I’ve begun to extract notes from an article about Pre-Columbian horses in the Americas that appeared in 2015:  Daniel Johnson, “‘Hard’ Evidence of Ancient American Horses,”  BYU Studies Quarterly 54/3 (2015).  It will probably take me several blog entries to complete the extraction.  I thought that some here might find my notes (and potentially the article itself) of interest.


First of all, the author, Daniel Johnson, states the problem:


The suggestion of horses and chariots in pre-Columbian America has long been an easy target for critics of the Book of Mormon.  (149)


It’s the commonly held view that Pre-Columbian horses were long extinct by Book of Mormon times, and that horses were only reintroduced into the Americas after Columbus and the European “discovery” of the New World.  Yet the Book of Mormon refers to “horses,” which seems a clear case of serious anachronism.


Johnson contends that there is, in fact, evidence suggesting that horses existed in the Americas during Book of Mormon times:


However, although incomplete, the geological and archaeological record does provide support for horses and even wheeled vehicles in ancient America.  The extinction of the ancient horse and the origins of the modern horse in the Americas have become clouded and unsure in light of the latest research.  Much of this evidence is not questionable or even that new, but still, sadly, both critics and faithful members of the Church are unaware of it.  (149)


However, as of the time of his writing, he acknowledges that no “proof” is available:


Although hard evidence is available to consider, so far no incontrovertible proof of Book of Mormon horses exists — that is to say, physical remains conclusively dated to around 500 BC (and earlier) from supposed Book of Mormon lands are yet to be found.  (149)


And he offers essentially the same acknowledgement not only at the beginning of his article but at its conclusion:


Although available valid evidence is worth considering, the question of horses in the Book of Mormon has not been decisively answered and may never be resolved to anyone’s complete satisfaction.  (178)
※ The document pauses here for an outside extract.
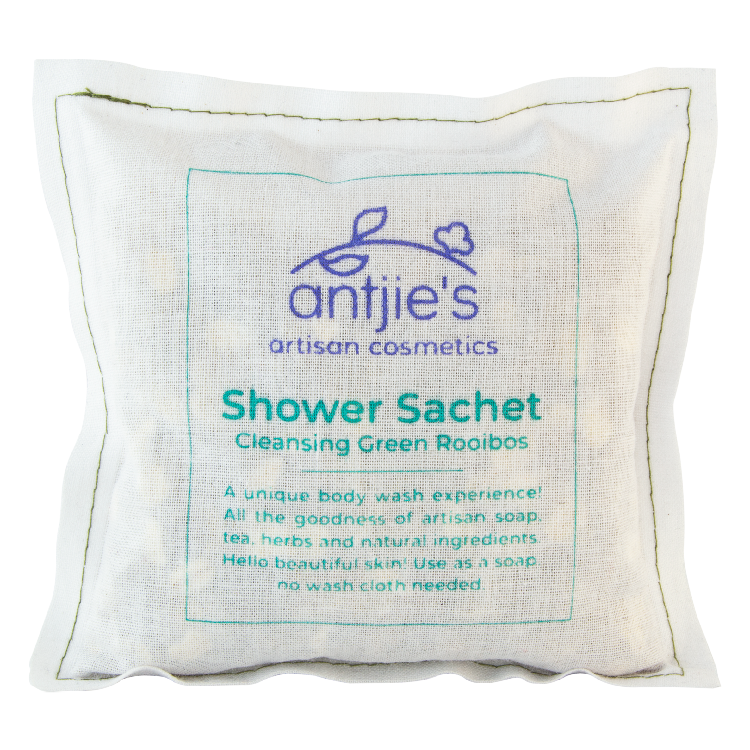 Antjie's Cleansing Green Rooibos Shower Sachet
Before surveying what evidence does exist, it’s important to be quite clear as to what the Book of Mormon actually says — and doesn’t say — about horses:


[T]he Book of Mormon does not ever say that anyone rode horses or used them in battle. . . .  Only twice are they mentioned along with chariots: once among the Lamanites (Alma 18:9-10, 12; 20:6) and once among the Nephites (3 Ne. 3:22).  All other instances of horses in the Book of Mormon (not including examples from the Isaiah chapters) describe them as among indigenous animals or kept in herds.  Book of Mormon readers can logically infer that their use was for transportation or as beasts of burden, but these uses are not specifically described.  It may be that they were also used as food.  (151)


To be continued.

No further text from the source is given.